Even if you didn't grow up in the northern part of the country, you probably know what the term "snowball rolling downhill" means. As kids we loved making a decent sized snowball, rolling it down the very large hill near my house and watching the thing grow and grow and grow and end up like a boulder.

There are snowballs that roll downhill in television news, and they only appear in the middle of newscasts. I'm talking about what happens when some idiot in management thinks it is a good idea to get on the phone and ream someone out while the person is still on the air.

I've seen this countless times. Anchor, producer or director either screws up or does something management doesn't like. Rather than wait for the newscast to end to discuss this, the helicopter manager waits for the next commercial break, then grabs the phone and calls the person.

At this point you may as well put color bars on the air, because the newscast is shot to hell.

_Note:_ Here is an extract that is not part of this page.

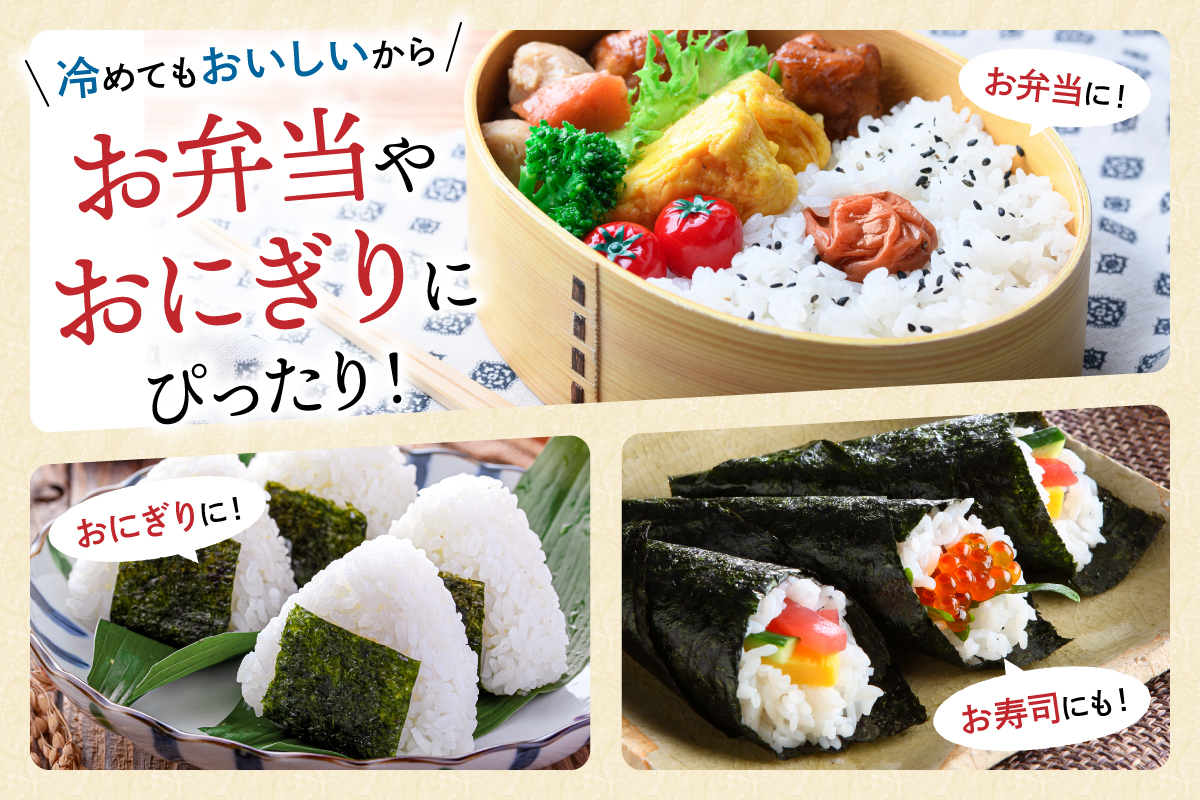 令和7年産 金王冠 精米 雨竜町ななつぼし 5kg 北海道 おにぎり お弁当 特A おいしい R7U013-001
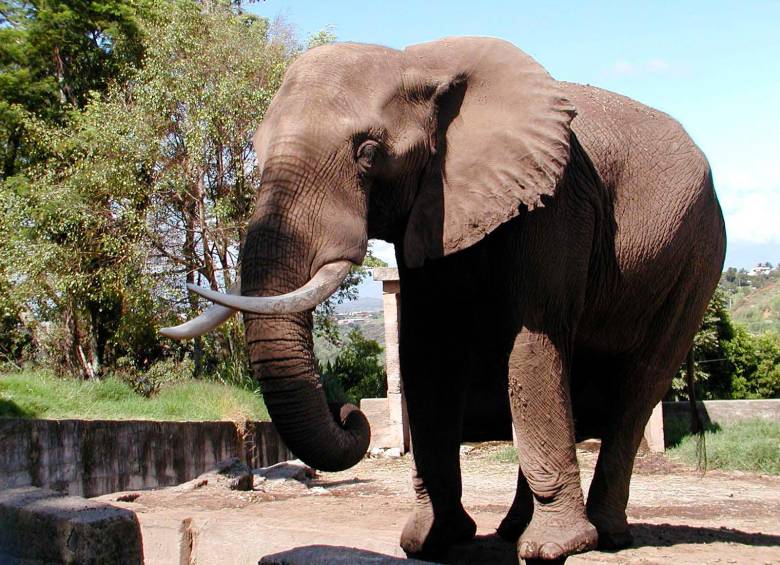 El elefante embistió al investigador colombiano y a otro compañero. Imagen de referencia. FOTO: ARCHIVO COLPRENSA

The victim becomes the proverbial snowball, thinking, "I'd better not screw up again" and ends up walking on eggshells. And you can't do your best work when you're concentrating on making not mistakes. The result is often the opposite. You just make more of them, as the problem rolls downhill and gets bigger and bigger.

I've seen anchors go into vapor lock when this happens. I've seen a director get so twitchy he could barely punch the rest of the newscast.

What can you do if you're a victim of what I consider rather transparent attempts to get under your skin and gain power over you? You have to be tough and consider the source. Consider the tactic, and what the management person is trying to do. And then you have to say to yourself "whatever" and move on.

Criticizing someone during a newscast is one of the most pathetic tactics used by managers. Grow a thick skin and don't become a snowball.